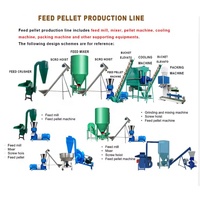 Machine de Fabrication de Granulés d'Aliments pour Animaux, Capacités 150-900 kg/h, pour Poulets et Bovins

# # # # #

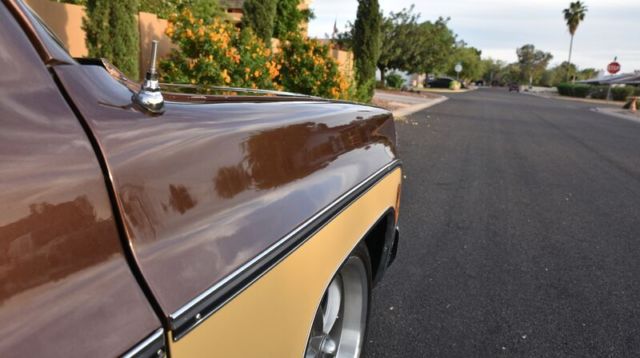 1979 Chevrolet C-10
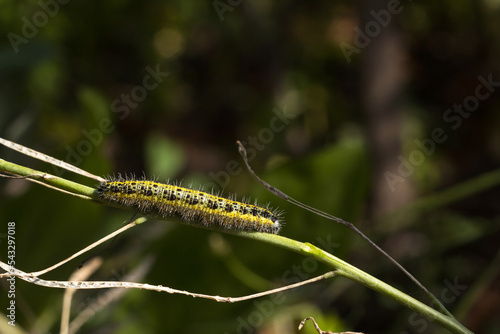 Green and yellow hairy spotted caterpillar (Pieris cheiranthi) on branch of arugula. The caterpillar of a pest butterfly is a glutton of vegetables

# # # # #

**Exercise**: Your copy should hold only the lines above from the one containing "1979 Chevrolet C-10" through the one containing "Green and yellow", exactly as written and free of pictures.

**Answer**:
 1979 Chevrolet C-10
 Green and yellow hairy spotted caterpillar (Pieris cheiranthi) on branch of arugula. The caterpillar of a pest butterfly is a glutton of vegetables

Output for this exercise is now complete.